- Opening Delimiter -

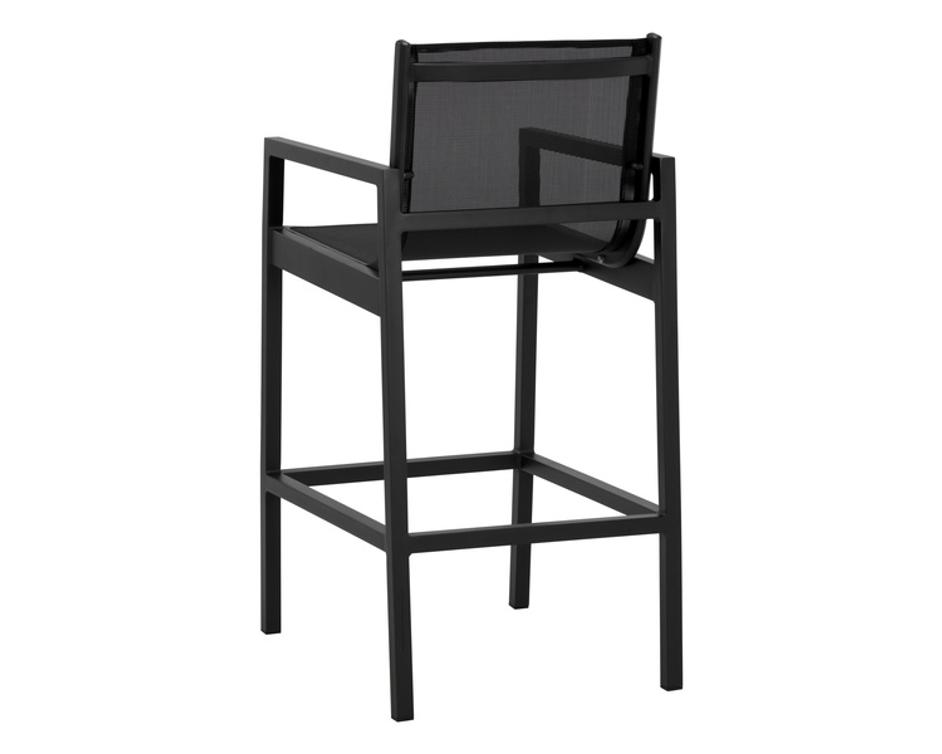 MERANO BARSTOOL - BLACK by Sunpan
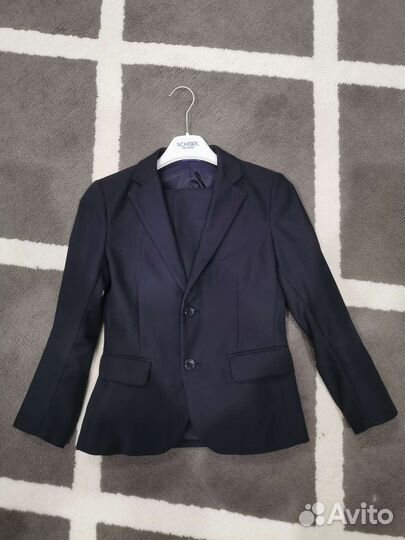 Пиджак школьный для мальчика 128
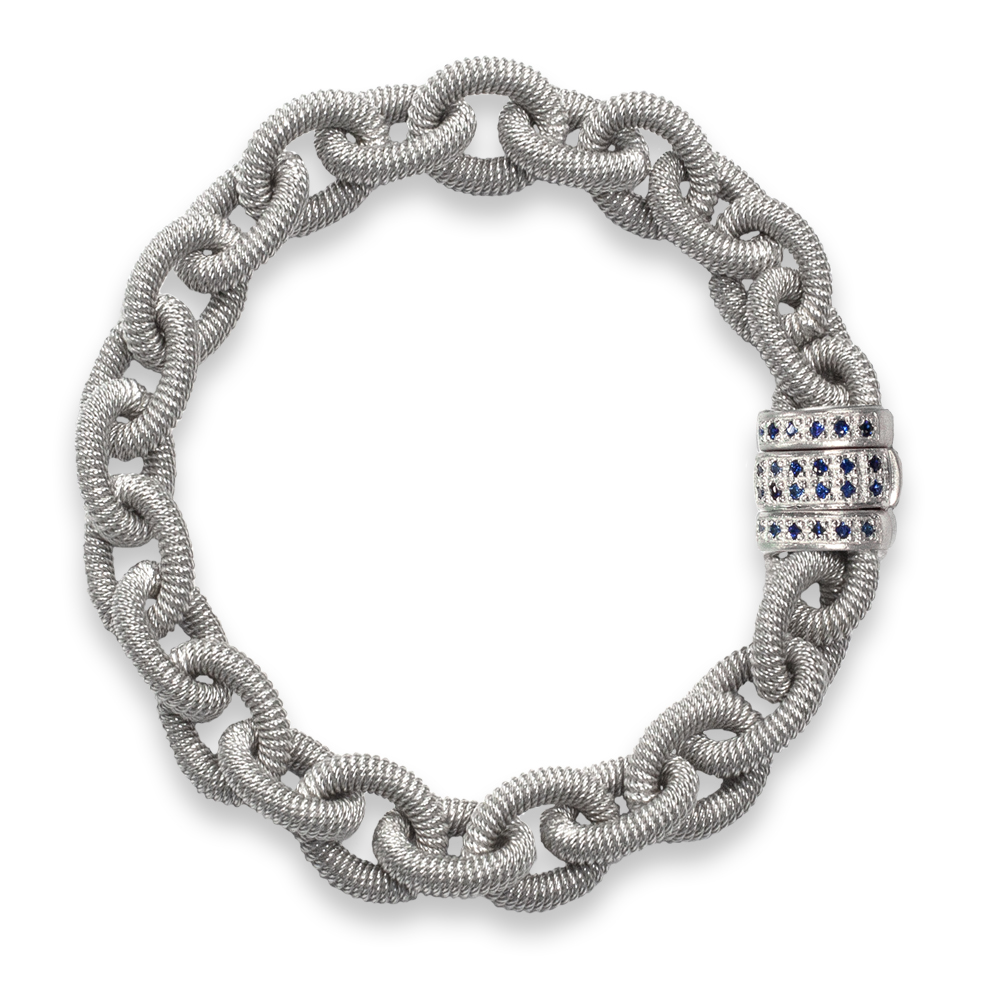 Bracciale "forzatina" Borsari Gioielli in argento 925%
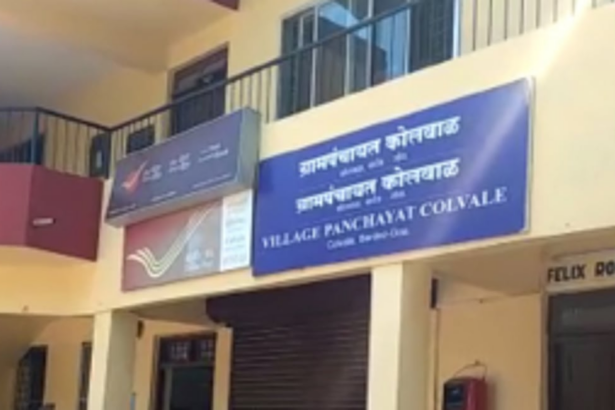 Nityanand is new Colvale sarpanch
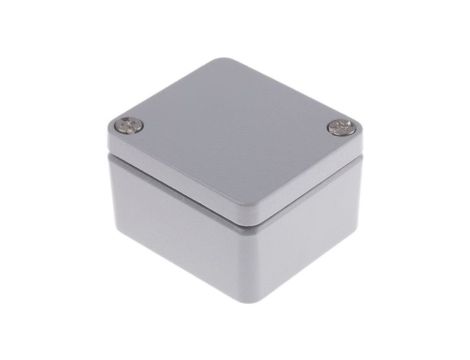 Obudowa Szary IP66 Neopren, 50 x 45 x 30mm, RS PRO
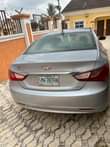 A picture of Clean 2012 Hydai sonata buy and traveling clean in and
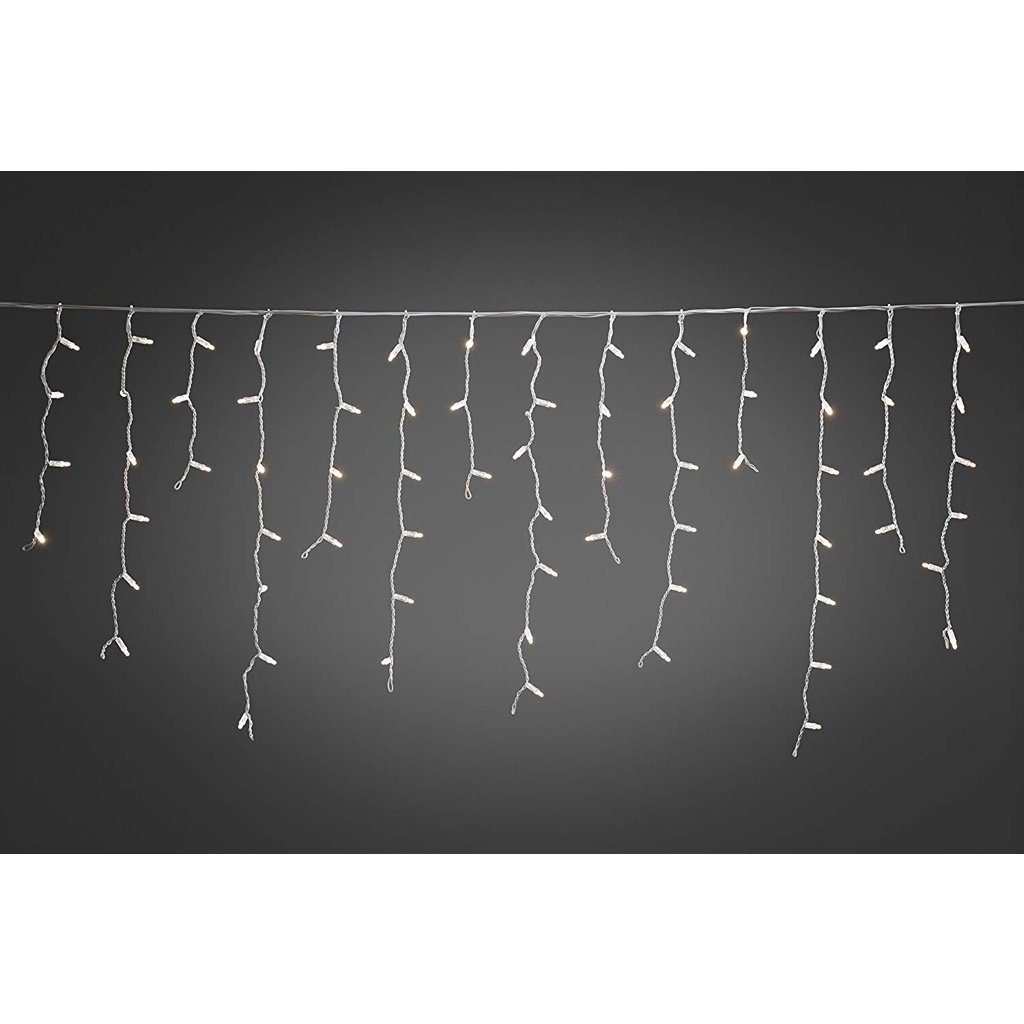 KONSTSMIDE Lichtervorhang 4721-112 LED-Eisregen-Lichtervorhang 2,59 Meter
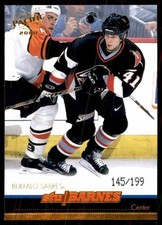1999-00 Pacific Gold Stu Barnes 145/199 #33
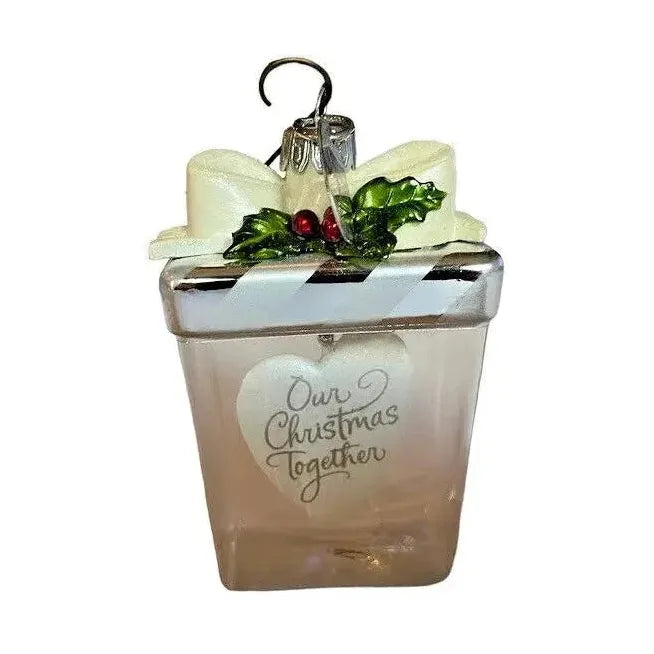 2010 Our Christmas Together Hallmark Ornament (Our Christmas Together) QXG7696 Image4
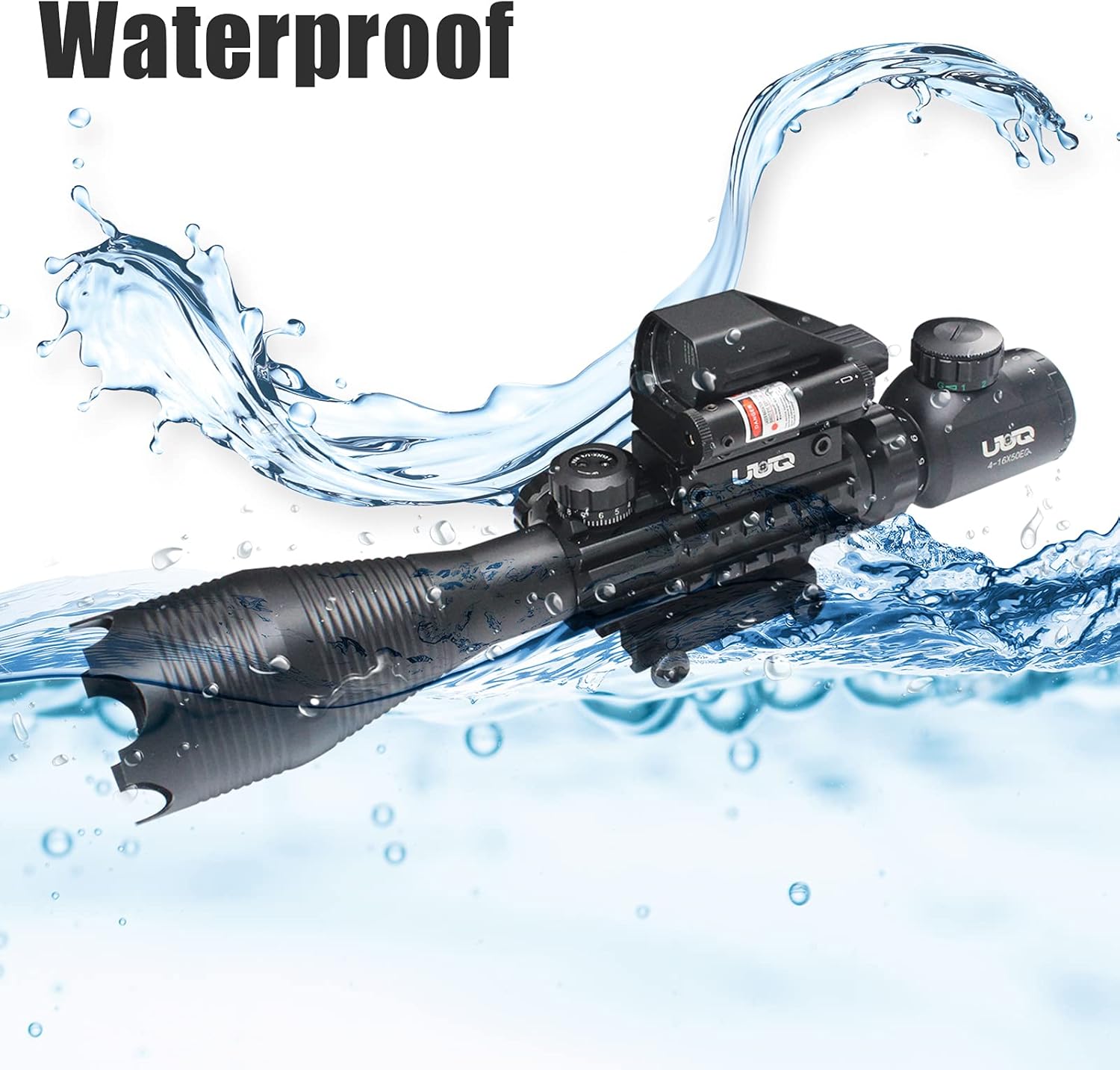 UUQ Illuminated Integrated Holographic Guarantee Photo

- Closing Delimiter -

With the pictures stripped out, return each record word for word.

 MERANO BARSTOOL - BLACK by Sunpan
 Пиджак школьный для мальчика 128
 Bracciale "forzatina" Borsari Gioielli in argento 925%
 Nityanand is new Colvale sarpanch
 Obudowa Szary IP66 Neopren, 50 x 45 x 30mm, RS PRO
 A picture of Clean 2012 Hydai sonata buy and traveling clean in and
 KONSTSMIDE Lichtervorhang 4721-112 LED-Eisregen-Lichtervorhang 2,59 Meter
1999-00 Pacific Gold Stu Barnes 145/199 #33
 2010 Our Christmas Together Hallmark Ornament (Our Christmas Together) QXG7696 Image4
 UUQ Illuminated Integrated Holographic Guarantee Photo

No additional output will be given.